Dans le numéro de la revue anglaise, The Nineteenth Century, Mr J. Ellis Barker étudie la question de savoir si dans l’avenir l’empire britannique continuera à former une unité politique ou si ses éléments se désagrégeront sous l’effort de concurrents nouveaux et redoutables. Ainsi, l’auteur est amené à définir, en dernière analyse, quelles conditions devra remplir l’empire pour assurer d’une manière certaine sa durable cohésion.

M. Ellis Barker n’est pas un rêveur, il ne se paie pas de mots, les abstractions le laissent froid, il va droit aux réalités et les prend corps à corps. Il n’invoque pas, à la différence de la majorité de ses compatriotes, la supériorité de l’Anglais si souvent affirmée dans les revues d’Outre-Manche, comme élément de nature à assurer, par le seul fait de son existence, la suprématie de John Bull sur le reste du monde.
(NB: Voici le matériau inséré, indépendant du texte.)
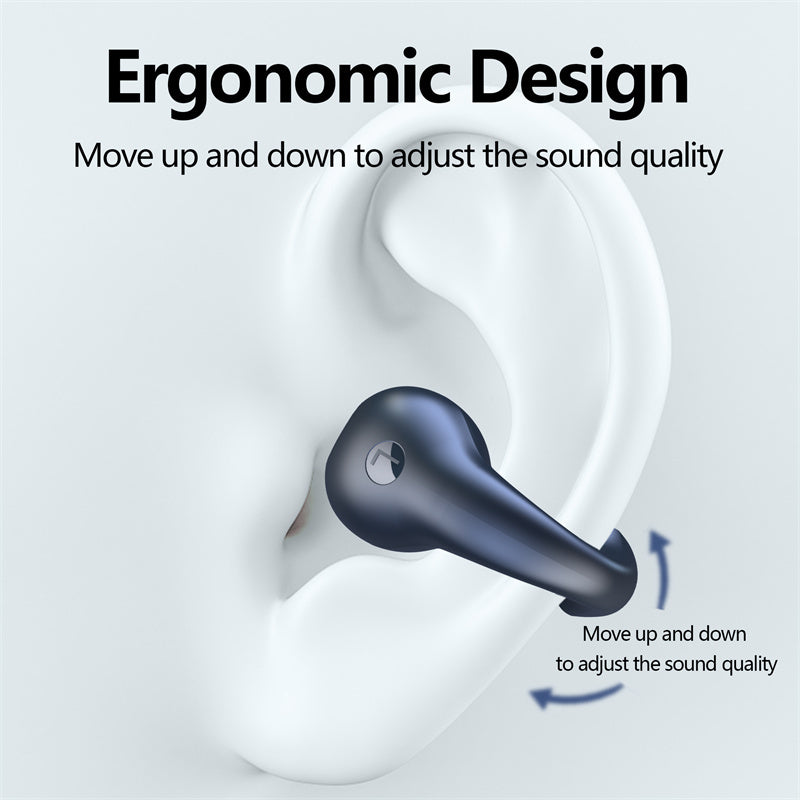 Bone Conduction Headphones TWS Earbuds Ear Clip Bluetooth 5.3 Touch Wireless Earphone In-Ear Bass HIFI Sports Headset - NOMAN STORE LLC
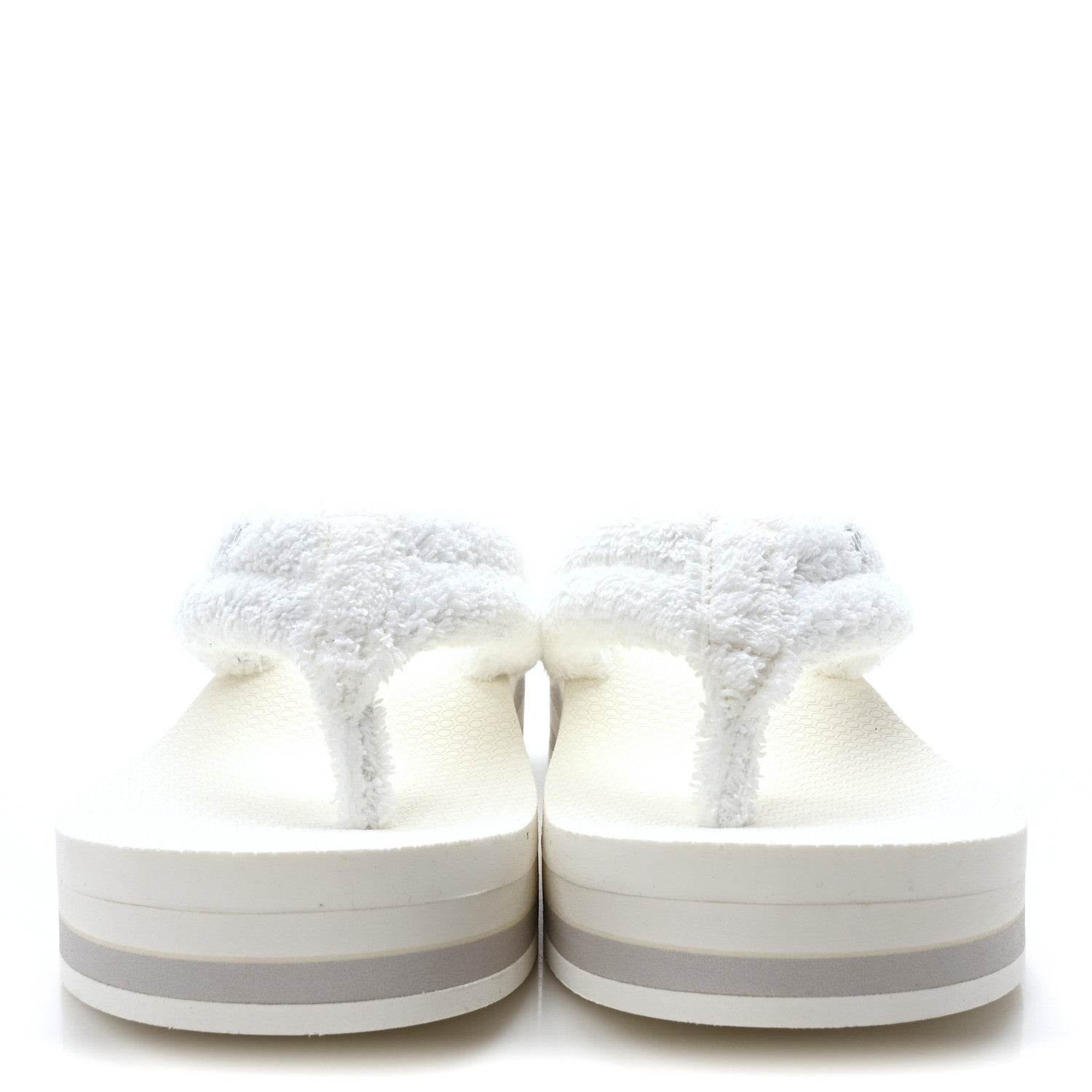 Chanel Terry Cloth CC Logo Thong Sandals 37.5 White 3 of 9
Il va même jusqu’à dire : la Grande-Bretagne ne détient plus le monopole de l’habileté maritime, ce qui est une affirmation à la fois méritoire et vraie dont il convient de louer sans réserve Mr Barker. Pour lui, la loi de l’histoire c’est-à-dire la règle suivant laquelle évoluent les groupements politiques, est la loi Lamarckienne et Darwinienne de la lutte pour la vie avec survivance du plus apte. Le monde dans lequel nous vivons n’est pas un monde de bien-être facile et de paix mais un monde de querelle et de guerre. Les États, comme les végétaux et les animaux sont engagés dans une lutte sans fin pour une place au soleil, pour leur nourriture, pour l’air et la lumière ; et cette lutte est un bienfait déguisé car elle est le principe de son progrès. Supposez un instant que cette lutte n’ait pas eu lieu, le monde serait encore un désert peuplé de sauvages primitifs. L’abolition de toute guerre serait un inconvénient grave pour l’humanité. Elle aurait pour résultat la survivance, non du plus apte et du plus fort, mais celle du plus paresseux et du moins apte, c’est-à-dire la dégénérescence de l’espèce humaine. Tant que notre nature sera ce qu’elle est, tant que l’égoïsme sera le mobile des actions publiques et particulières, les États ambitieux et puissants chercheront à s’emparer de ce que possèdent ceux qui sont riches et faibles. Ainsi, d’une façon permanente, la nature rajeunit le monde, fait aux États une obligation de progresser en civilisation et en force. Ceux qui prétendent se soustraire à cette loi supérieure de l’histoire, disparaissent. Tous les États et tous les empires sont fondés sur la force, on peut même dire qu’ils sont la force elle-même. Car la force est le seul titre valable qui permette à une nation de conserver ce qu’elle possède. Donc, l’avenir des nations dépend de leur aptitude à soutenir la lutte universelle pour l’existence, tant que cette lutte ne sera pas abrogée, ce qui, au dire du prophète lui-même, ne se produira qu’aux derniers jours du monde.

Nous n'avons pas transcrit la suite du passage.